* _WORK TASK_
Return an exact transcript of the material below from the line containing "A display shelf" through its final line, and no other lines.
[Start of Attachment]
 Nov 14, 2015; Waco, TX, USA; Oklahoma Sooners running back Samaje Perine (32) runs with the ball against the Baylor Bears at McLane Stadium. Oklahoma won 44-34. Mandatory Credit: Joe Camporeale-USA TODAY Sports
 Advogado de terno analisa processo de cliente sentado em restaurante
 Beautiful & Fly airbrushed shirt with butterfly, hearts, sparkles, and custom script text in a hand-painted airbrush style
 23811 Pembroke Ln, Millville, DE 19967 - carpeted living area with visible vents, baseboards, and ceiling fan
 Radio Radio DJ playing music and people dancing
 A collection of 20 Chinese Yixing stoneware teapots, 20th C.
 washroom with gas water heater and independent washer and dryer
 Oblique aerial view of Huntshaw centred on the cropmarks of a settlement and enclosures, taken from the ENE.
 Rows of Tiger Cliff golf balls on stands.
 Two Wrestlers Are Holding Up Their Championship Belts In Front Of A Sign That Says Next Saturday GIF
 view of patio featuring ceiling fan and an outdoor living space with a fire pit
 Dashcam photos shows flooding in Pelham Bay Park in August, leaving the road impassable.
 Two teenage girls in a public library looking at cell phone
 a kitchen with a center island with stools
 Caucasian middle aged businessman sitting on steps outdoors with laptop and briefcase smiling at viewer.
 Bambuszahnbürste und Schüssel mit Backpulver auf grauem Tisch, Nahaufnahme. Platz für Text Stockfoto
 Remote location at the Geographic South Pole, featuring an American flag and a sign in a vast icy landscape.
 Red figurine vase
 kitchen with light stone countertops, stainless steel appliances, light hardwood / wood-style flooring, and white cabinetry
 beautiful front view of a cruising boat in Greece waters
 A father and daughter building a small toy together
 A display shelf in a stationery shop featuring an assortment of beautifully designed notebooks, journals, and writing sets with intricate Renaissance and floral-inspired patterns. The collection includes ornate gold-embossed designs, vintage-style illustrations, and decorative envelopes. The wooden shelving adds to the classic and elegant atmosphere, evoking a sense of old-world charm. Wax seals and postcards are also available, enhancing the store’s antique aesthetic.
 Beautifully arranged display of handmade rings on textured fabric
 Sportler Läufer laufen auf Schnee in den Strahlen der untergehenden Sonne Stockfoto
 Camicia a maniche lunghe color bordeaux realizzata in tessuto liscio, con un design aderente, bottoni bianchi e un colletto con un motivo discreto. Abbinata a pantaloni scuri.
[End of Attachment]
* _ANSWER BELOW_
 A display shelf in a stationery shop featuring an assortment of beautifully designed notebooks, journals, and writing sets with intricate Renaissance and floral-inspired patterns. The collection includes ornate gold-embossed designs, vintage-style illustrations, and decorative envelopes. The wooden shelving adds to the classic and elegant atmosphere, evoking a sense of old-world charm. Wax seals and postcards are also available, enhancing the store’s antique aesthetic.
 Beautifully arranged display of handmade rings on textured fabric
 Sportler Läufer laufen auf Schnee in den Strahlen der untergehenden Sonne Stockfoto
 Camicia a maniche lunghe color bordeaux realizzata in tessuto liscio, con un design aderente, bottoni bianchi e un colletto con un motivo discreto. Abbinata a pantaloni scuri.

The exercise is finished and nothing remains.